As I said recently in a slight different context, "careful craft will beat brilliant inspiration nine times out of ten. The true point is, of course, to yoke careful craft and brilliant inspiration together in a single process."

I'm going to go out on a bit of a limb here and say that I believe talent to be rather overrated. This is not sour grapes; I say this as someone who considers himself to be fairly talented at the narrative arts. But ability, taken here for discussion purposes in the sense of "craft", is what makes for successful writing.

Be assured I am not discounting the value of talent. It is possible to dazzle with sheer brilliance, and I'm rather pleased when someone can do that to me. But even sheer brilliance must still rest on structure, plot, character, setting, and all the other impedimenta of story-telling. Those are craft.

I can't teach you talent. You have whatever you have. Hence matociquala's "box it came in" theory, which I prefer to think of as the "hand of cards". There are ten or twelve or fourteen things that a writer needs to attain mastery of in order to tell a strong, compelling story. We all first come to the table with two or three or five of those things in our hands. Natural talent, in other words.

In my case, as a very new writer, long before I'd sold a word, or even written a comprehensible story, that was plot (though not endings), setting, and prose styling. Characters, on the other hand, were sort of people-shaped black holes for me, dialog was so clunky it hurt, my control of POV was laughable. Those things I had to learn. Craft, in other words, carefully attended to and practiced over the past two decades.
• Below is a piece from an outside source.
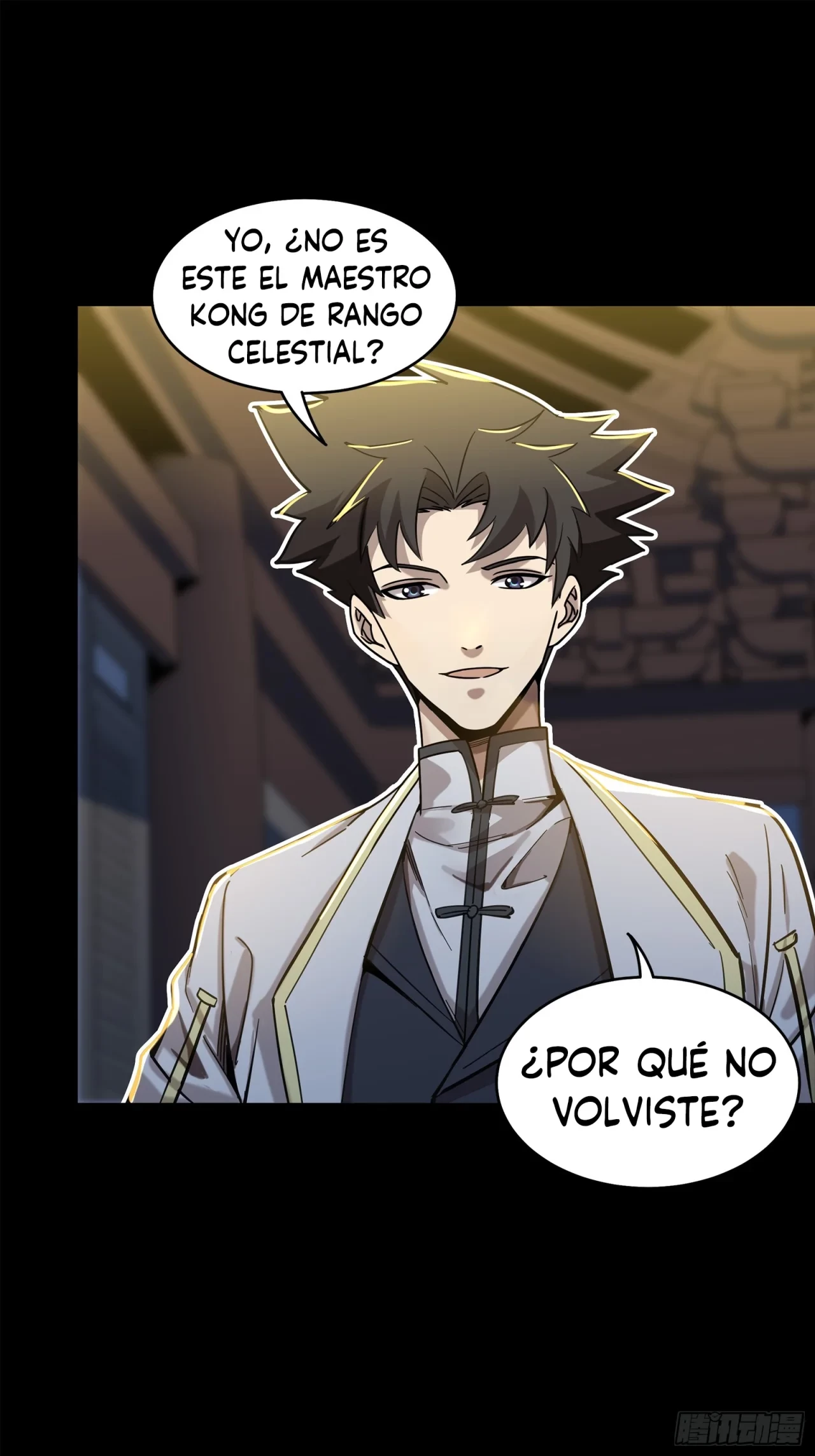 La Leyenda De La Estrella General (Continuación) capítulo 106, página 81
One of my personal challenges in growing as a writer has in fact been to recognize the limits of my talent, and from that where and how to apply my learned skills at craft development to those areas where I already considered myself pretty hot shit. (Ego isn't pretty, is it?)

I may not be able to teach you talent, but I can teach you craft. Or at least someone can, if it doesn't happen to be me. In fact, with one notable exception, I'm of the opinion that any aspect of craft can be taught, and if practiced well, mastered.
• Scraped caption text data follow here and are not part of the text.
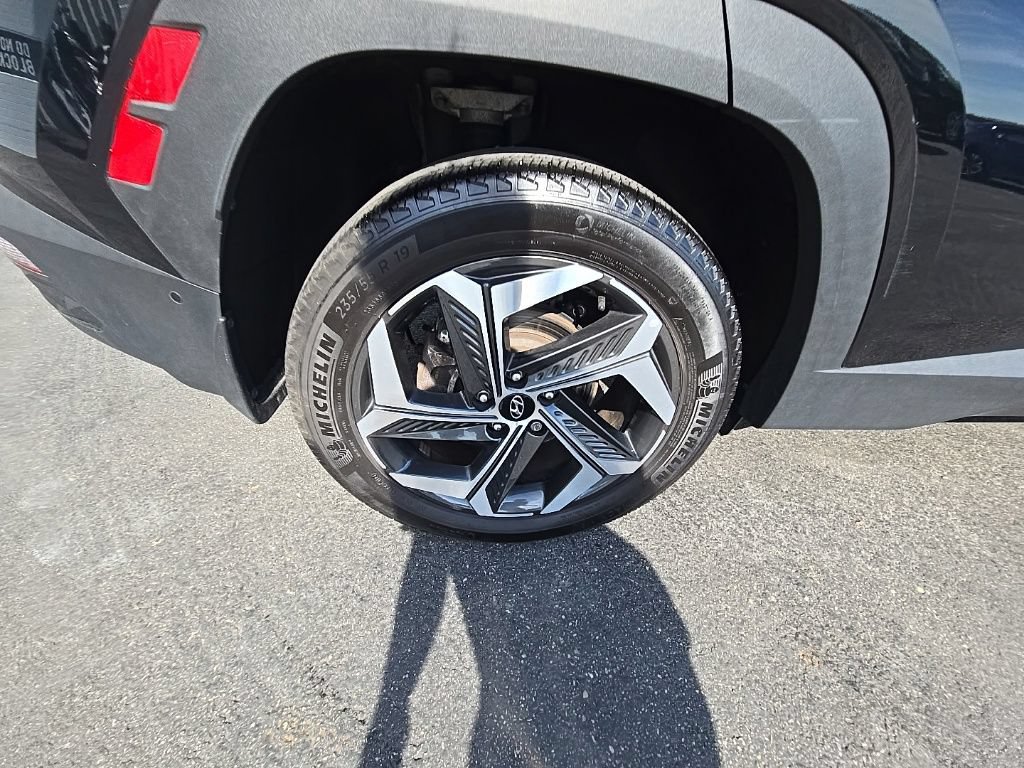 Used 2023 Hyundai Tucson Limited AWD/4WD image 11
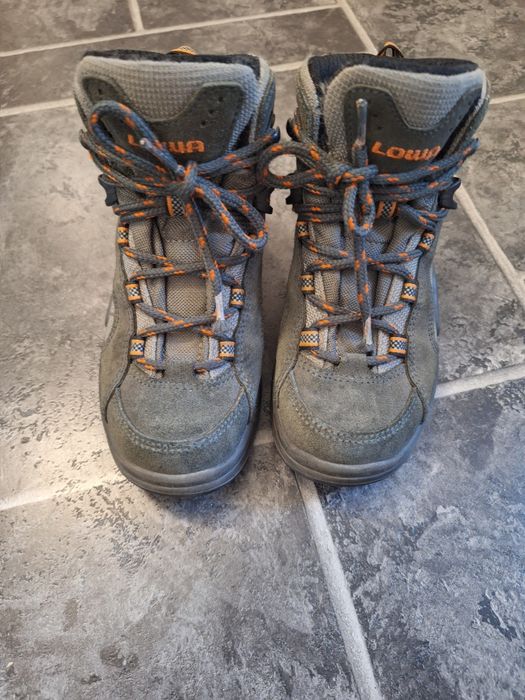 Детски боти Lowa Gore-tex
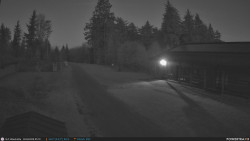 Běžecká trať, střelnice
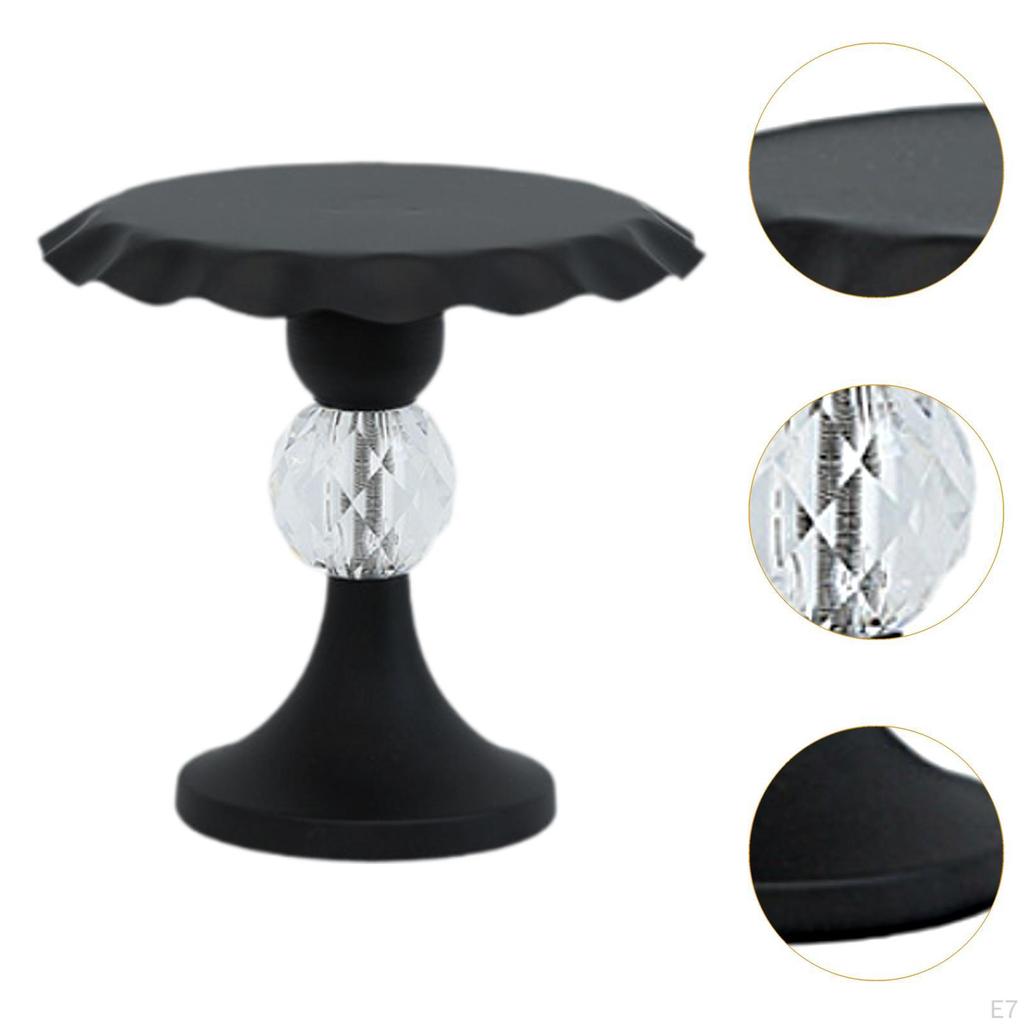 Подставка для торта, подставка для фруктов, подставка для закусок, конфет, тарелка для стола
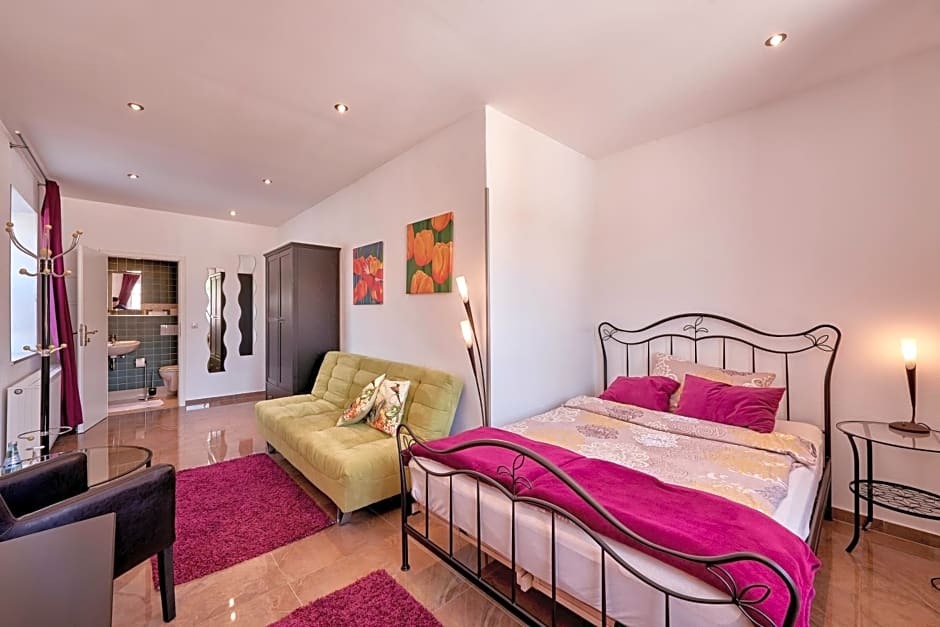 Одноместный семейный номер Standard в Hotel Zur Alten Stadtkellerei Leipzig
Another way of saying that is to aver that you don't need talent to succeed at writing. You need the ability to learn good craft, you need to attain facility at that craft (if not mastery, eventually), and you need psychotic persistence. Talent sure can help, and may be a handy shortcut for some of the cards of craft, but it can also be a dead end and a trap; much as I have experienced.
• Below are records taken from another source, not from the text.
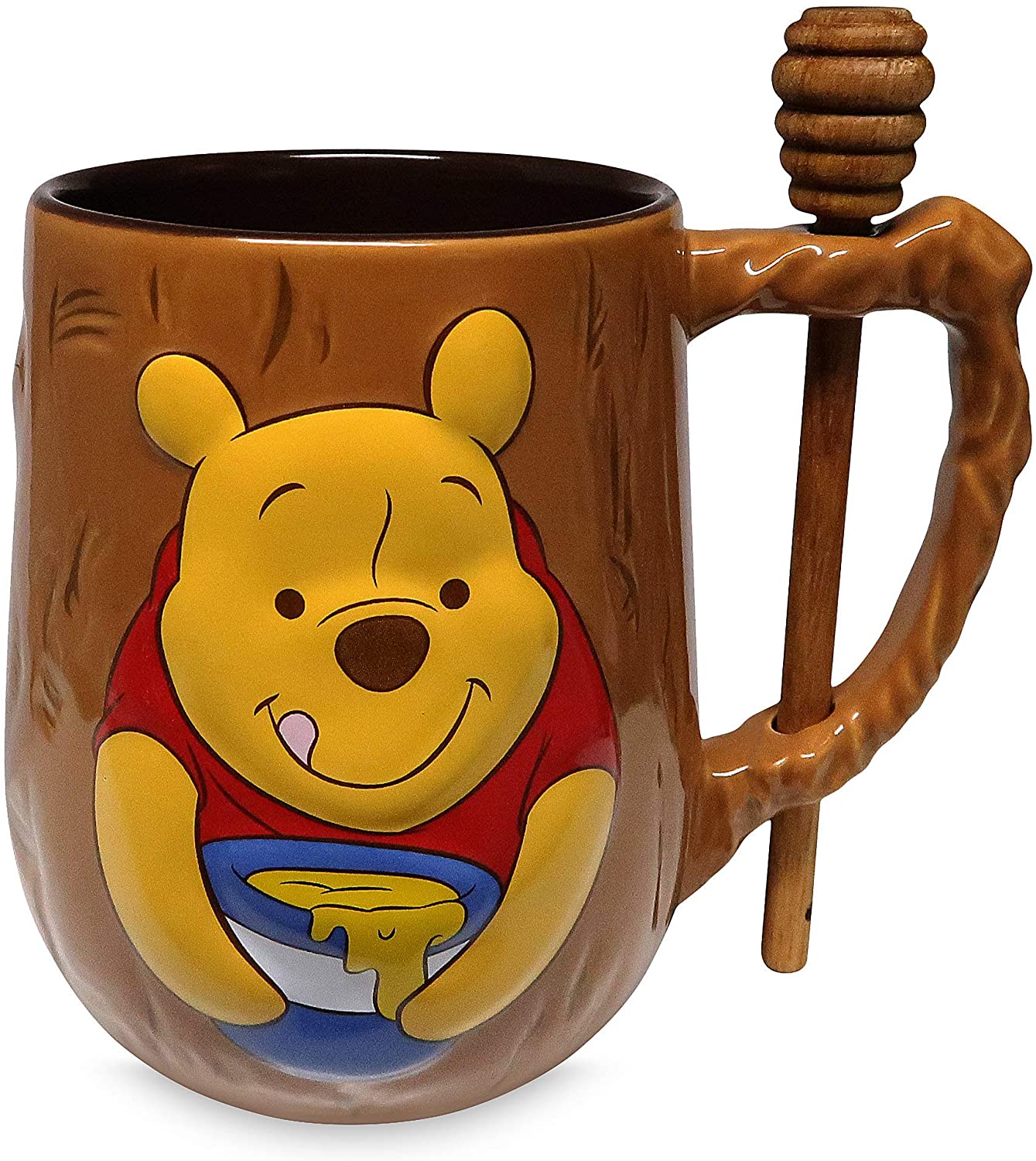 Detail Disney Store Winnie The Pooh Coffee Mug Nomer 10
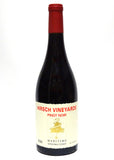 Hirsch Vineyards 2018 Sonoma Coast Pinot Noir Maritime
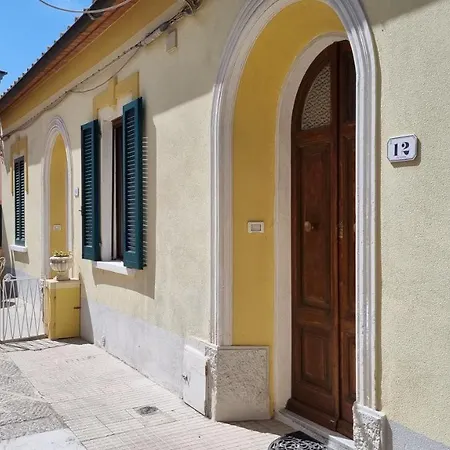 Tatil Evi Rer Vista Mare Capoliveri (Isola d'Elba)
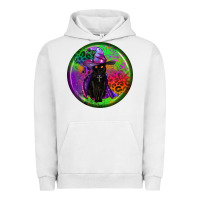 Pigment Lunar Rock halloween round earrings Urban Hoodie - BundleAndBundleShop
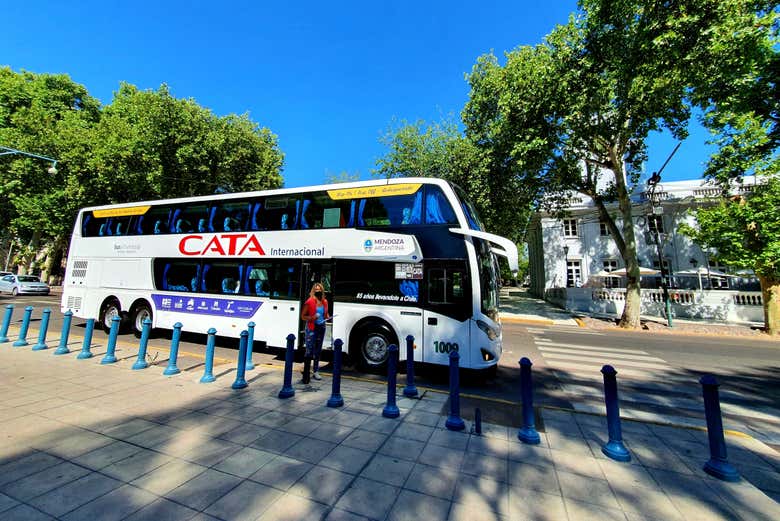 Tour por el sur de la zona vitivinícola de Luján de Cuyo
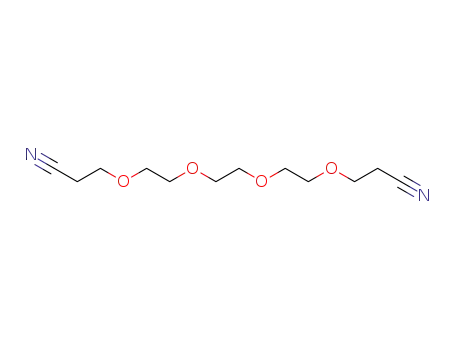4,7,10,13-Tetraoxahexadecanedinitrile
The notable exception? I don't believe I can teach you voice. Voice is one of those things that adheres to the Potter Stewart test - "I can't define it, but I know it when I see it." To my current thinking, voice is the distinct quality that makes you the writer you are, delightfully unlike everyone else. It arises out of the intersection of talent, craft, and life experience, and like the sea, voice is ever changing.

You have talent in whatever measure you happen to be granted it. Craft can be taught, and will bridge the gap between talent and achievement. Voice is the intangible fusion that moves you from practiced to good; and with luck and skill, from good to great.

So to speak to tchernabyelo directly, is there a limit on talent and ability? Yes, on talent, because it's an inherent quality independent of effort and focus. Potentially not on ability, because it's an acquired characteristic dependent on commitment and practice. You can't control talent, but you can control craft.

As I often say, "write more". That is the essence of commitment and practice.